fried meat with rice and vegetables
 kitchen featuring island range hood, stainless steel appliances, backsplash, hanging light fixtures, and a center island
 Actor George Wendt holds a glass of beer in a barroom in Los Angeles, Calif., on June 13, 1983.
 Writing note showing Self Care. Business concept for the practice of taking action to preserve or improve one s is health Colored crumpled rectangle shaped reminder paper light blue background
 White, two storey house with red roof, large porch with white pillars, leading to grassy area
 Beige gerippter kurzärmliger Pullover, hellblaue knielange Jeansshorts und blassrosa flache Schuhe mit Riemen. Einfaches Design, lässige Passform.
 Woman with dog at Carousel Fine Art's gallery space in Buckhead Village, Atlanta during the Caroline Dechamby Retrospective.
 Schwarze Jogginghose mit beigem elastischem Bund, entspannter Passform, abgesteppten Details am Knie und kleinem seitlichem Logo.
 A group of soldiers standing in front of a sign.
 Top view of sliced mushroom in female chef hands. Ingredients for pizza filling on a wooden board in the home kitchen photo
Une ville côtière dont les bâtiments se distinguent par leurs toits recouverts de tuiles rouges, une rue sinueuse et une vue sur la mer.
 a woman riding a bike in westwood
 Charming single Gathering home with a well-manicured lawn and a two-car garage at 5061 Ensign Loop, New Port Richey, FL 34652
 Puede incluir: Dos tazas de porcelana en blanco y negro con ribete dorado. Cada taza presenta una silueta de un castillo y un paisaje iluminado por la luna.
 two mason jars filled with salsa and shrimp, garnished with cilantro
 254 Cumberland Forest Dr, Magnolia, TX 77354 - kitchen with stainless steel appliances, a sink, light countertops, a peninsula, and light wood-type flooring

----------------------------------------

WORK TO COMPLETE:
Every line in the entries above that mentions the word "kitchen" must be shown.

EXERCISE SOLUTION:
 kitchen featuring island range hood, stainless steel appliances, backsplash, hanging light fixtures, and a center island
 Top view of sliced mushroom in female chef hands. Ingredients for pizza filling on a wooden board in the home kitchen photo
 254 Cumberland Forest Dr, Magnolia, TX 77354 - kitchen with stainless steel appliances, a sink, light countertops, a peninsula, and light wood-type flooring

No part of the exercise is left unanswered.